Google Hopes to Reduce Fatal Auto Accidents With Completely Autonomous Vehicles
Tech superpower Google is not only planning to enter the automotive industry, but also hopes to take humans out of the driver’s seat with a new, self driving car. The innovative company announced last month that it plans to begin testing about 100 of two-seat, self-driving vehicles.
“We’ve been working toward the goal of vehicles that can shoulder the entire burden of driving,” said Google in a blog post announcing the plan. “Just imagine: You can take a trip downtown at lunchtime without a 20-minute buffer to find parking. Seniors can keep their freedom even if they can’t keep their car keys. And drunk and distracted driving? History.”

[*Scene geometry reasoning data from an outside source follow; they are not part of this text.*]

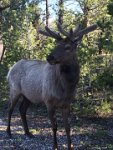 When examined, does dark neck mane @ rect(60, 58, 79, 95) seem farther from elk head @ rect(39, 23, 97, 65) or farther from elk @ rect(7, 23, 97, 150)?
elk head @ rect(39, 23, 97, 65)

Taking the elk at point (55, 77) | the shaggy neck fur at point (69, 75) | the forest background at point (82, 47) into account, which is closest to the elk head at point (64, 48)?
the elk at point (55, 77)

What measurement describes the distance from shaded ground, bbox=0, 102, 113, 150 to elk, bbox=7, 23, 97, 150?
0.36 metres

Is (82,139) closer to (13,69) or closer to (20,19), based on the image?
(13,69)

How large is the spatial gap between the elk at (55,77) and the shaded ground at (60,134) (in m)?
0.36

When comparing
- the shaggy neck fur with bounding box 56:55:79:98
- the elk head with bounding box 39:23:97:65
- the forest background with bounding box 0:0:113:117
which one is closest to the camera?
the elk head with bounding box 39:23:97:65

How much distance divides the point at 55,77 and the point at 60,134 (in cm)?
186

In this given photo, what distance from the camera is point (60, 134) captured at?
343 inches

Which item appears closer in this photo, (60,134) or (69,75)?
(69,75)

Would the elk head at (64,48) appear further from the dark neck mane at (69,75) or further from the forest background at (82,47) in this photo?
the forest background at (82,47)

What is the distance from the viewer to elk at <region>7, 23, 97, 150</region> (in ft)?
22.3

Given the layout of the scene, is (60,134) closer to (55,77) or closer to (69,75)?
(55,77)

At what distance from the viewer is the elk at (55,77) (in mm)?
6789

Therein lies Google’s goal. It’s not an entrepreneurial venture hoping to compete with the likes of Ford or Chevy, but rather as a project designed to “improve road safety and help people who can’t drive.”
Statistically, there’s a fatal auto accident once every 15 minutes, amounting to 94 deaths per day, and 33,963 every year. Considering the fact that the most common causes of fatal accidents include drunk driving, speeding, and reckless driving, an autonomous vehicle would naturally help solve the urgent problem.
Though the prototypes will have manual controls for those test driving cars so that they can override the autopilot driving systems–a stipulation required by California law–Google’s vision for these cars is to make them completely autonomous. The end product won’t have a steering wheel, accelerator, or even a brake pedal.
As intimidating as the inability to brake sounds, the cars do have sensors that look in every direction for over 200 yards, effectively eliminating blind spots. Plus, their top speed is limited to just 25 miles per hour.
“The vehicles will be very basic—we want to learn from them and adapt them as quickly as possible—but they will take you where you want to go at the push of a button,” wrote Google. “And that’s an important step toward improving road safety and transforming mobility for millions of people.”